We didn't realize the pineapples had gone missing until Christmas morning. I had planned on making an upside-down cake for dessert. The entire holiday meal was meant to be vegan and gluten-free, without disappointing the meat-eaters. It was my greatest culinary challenge yet.
I accepted the loss and dug out some frozen blueberries. Still, flipping the modified cake onto a plate proved problematic. I enlisted my dad's help. Mid-flip, the cake split. I snapped.
Then I saw my dad's face — the man who'd spent two tours in Iraq looked terrified at the temper tantrum his grown daughter was dangerously close to throwing. I realized the gift of the meal was quickly turning into a reign of terror. I slid the halves together and covered the fault line with powdered sugar. Weeks later, my mom found the can of pineapples nestled in her spare yoga mat in the trunk of her car. We still laugh when we think of the rogue fruit snuggled up like a hibernating squirrel.

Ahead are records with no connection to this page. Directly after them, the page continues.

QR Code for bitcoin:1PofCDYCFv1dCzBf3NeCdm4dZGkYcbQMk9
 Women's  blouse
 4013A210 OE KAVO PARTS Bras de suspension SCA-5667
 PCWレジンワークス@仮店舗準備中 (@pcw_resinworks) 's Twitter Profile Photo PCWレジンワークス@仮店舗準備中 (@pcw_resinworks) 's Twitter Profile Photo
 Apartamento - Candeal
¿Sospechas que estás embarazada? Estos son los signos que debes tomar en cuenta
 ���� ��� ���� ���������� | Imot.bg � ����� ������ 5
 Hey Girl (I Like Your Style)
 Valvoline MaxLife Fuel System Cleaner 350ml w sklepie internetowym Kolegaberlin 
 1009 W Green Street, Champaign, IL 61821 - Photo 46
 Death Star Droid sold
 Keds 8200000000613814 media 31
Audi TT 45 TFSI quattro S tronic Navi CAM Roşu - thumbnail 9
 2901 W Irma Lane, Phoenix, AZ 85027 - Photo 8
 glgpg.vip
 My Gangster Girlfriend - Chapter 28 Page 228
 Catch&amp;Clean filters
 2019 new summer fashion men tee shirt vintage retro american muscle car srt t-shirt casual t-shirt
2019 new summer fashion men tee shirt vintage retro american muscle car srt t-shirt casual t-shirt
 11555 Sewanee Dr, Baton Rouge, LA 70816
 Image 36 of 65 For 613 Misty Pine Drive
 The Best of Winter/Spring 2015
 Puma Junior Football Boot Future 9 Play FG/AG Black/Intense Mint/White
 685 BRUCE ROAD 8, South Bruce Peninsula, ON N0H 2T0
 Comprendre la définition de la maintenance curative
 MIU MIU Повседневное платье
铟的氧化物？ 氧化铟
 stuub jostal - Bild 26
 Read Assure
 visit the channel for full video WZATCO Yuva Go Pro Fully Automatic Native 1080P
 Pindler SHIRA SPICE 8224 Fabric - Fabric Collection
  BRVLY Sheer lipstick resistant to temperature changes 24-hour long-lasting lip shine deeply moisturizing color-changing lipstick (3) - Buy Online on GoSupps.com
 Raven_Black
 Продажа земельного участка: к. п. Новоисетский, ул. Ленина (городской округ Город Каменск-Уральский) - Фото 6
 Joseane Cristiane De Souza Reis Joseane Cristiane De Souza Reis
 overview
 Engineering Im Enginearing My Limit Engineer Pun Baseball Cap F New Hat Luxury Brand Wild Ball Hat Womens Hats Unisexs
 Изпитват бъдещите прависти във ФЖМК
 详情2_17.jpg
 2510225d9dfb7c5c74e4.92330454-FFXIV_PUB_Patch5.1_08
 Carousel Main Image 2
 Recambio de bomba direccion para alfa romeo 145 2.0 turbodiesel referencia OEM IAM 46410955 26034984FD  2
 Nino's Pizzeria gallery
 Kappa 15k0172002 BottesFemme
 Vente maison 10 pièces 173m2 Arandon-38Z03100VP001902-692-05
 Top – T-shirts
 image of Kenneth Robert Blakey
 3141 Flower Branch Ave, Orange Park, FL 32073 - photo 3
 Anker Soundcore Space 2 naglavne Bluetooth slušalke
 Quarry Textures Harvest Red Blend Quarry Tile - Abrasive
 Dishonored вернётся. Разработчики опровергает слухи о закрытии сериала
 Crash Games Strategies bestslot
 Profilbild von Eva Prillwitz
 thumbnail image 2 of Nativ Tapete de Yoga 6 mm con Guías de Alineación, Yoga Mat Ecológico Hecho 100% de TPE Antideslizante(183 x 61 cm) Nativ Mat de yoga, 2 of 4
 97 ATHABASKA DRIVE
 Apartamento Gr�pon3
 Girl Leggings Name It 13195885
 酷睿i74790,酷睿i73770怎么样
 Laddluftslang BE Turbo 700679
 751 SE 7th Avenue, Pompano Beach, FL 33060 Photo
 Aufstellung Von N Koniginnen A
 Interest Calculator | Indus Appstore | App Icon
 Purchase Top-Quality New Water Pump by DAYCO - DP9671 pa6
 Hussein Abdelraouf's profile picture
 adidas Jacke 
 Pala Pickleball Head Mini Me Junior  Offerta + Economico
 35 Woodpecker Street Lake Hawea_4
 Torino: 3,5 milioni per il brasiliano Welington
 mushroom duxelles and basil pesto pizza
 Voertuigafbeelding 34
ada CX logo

Since the day I got a Junior Jell-O Cookbook and insisted on organizing a block party to showcase my American flag poke-cake, the journey of cooking and eating has been a joyful adventure which occasionally dips into potholes of manic perfectionism. I love being a vegan. If I didn't, I wouldn't have done it for the last five years. My willpower isn't that strong.
But I'll sometimes obsess over more ways to purify my diet. I'll spend days weighing the pros and cons of living on nothing but liquids, or of sprouting every legume in the bulk bin aisle.Then I remember the Bible verse, “Man does not live be bread alone” (good news for a borderline celiac). That reminds me we need more than calories to nourish ourselves.
My mom used to make a dish that my dad labeled “Cat Vomit Casserole.” To me and my four brothers, it was proof that our clean-cut, Marine father was once a naughty kid just like us. The joke fed us more than the mixture of tuna, mushroom soup, olives, and cornflakes ever could. When my gluten-free biscuits turn out to have the consistency of styrofoam and the cousins begin to lob them at each other, I remember to love the Thanksgiving memory as it's being made. When I skip my green smoothie for chocolate-chip pancakes, I give thanks for every sweet bite.
Whatever food adventure you're embarking on — from brewing your own kombucha to attacking the neighborhood taco truck — do it with love. Celebrate each experience. Perfectionism is an empty kitchen with impossibly white walls. Don't live there. Your inner critic will suck the joy right out of whichever delicacy or health change you're trying to master.
Life needs room for a little mess. Without mess, there's no space for discovery, surrender, and awe. Don't perfect a meal plan only to end up starving. Regardless of your diet or dish, always serve a hearty portion of laughter at your table.